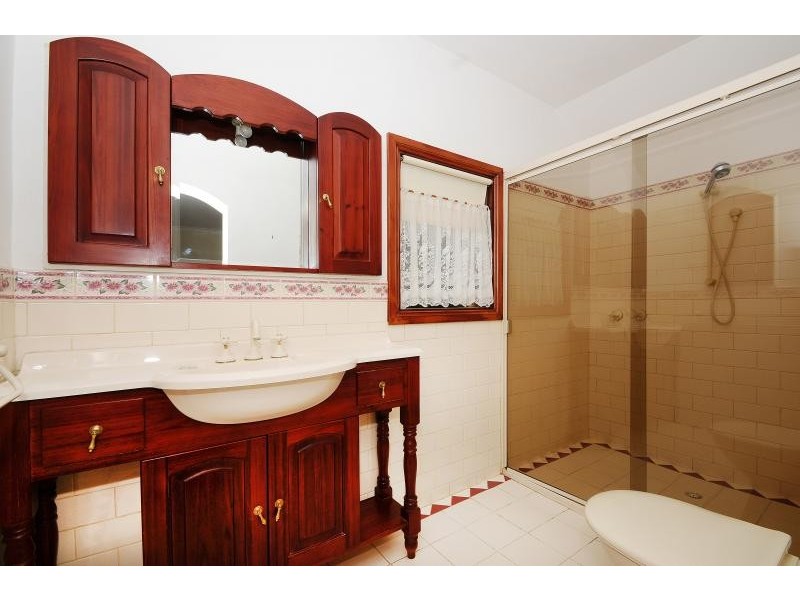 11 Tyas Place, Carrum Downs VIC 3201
-*-
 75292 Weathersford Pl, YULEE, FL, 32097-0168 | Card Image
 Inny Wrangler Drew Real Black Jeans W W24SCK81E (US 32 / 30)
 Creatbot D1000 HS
-*-
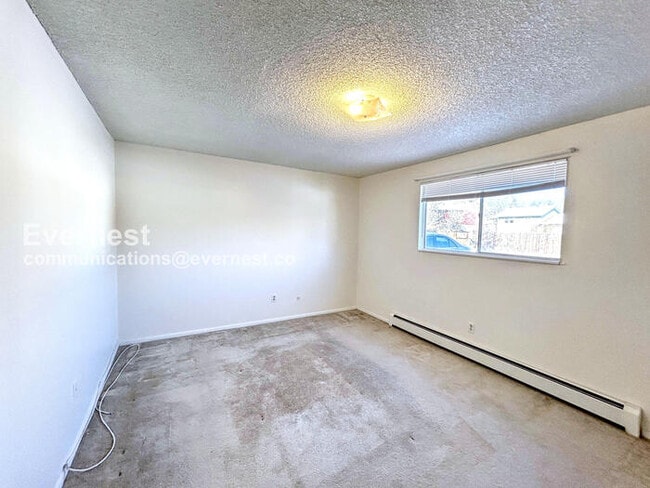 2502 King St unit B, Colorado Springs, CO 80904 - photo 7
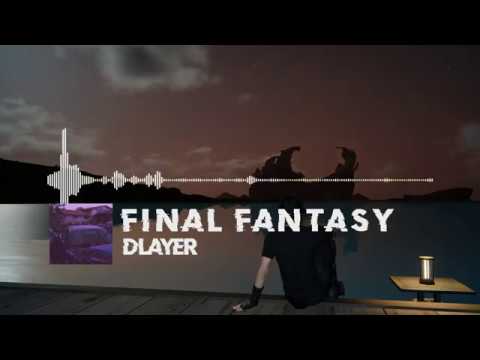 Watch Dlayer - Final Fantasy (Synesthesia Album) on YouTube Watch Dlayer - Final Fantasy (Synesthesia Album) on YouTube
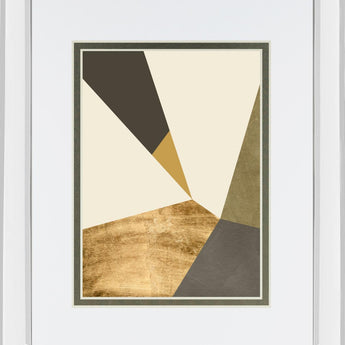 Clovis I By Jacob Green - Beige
-*-
● **About this exercise**: Using the listing above, copy exactly the line that contains "Inny Wrangler Drew", the line that contains "Creatbot D1000 HS", and each line that falls between them.

● **Solution below**:
 Inny Wrangler Drew Real Black Jeans W W24SCK81E (US 32 / 30)
 Creatbot D1000 HS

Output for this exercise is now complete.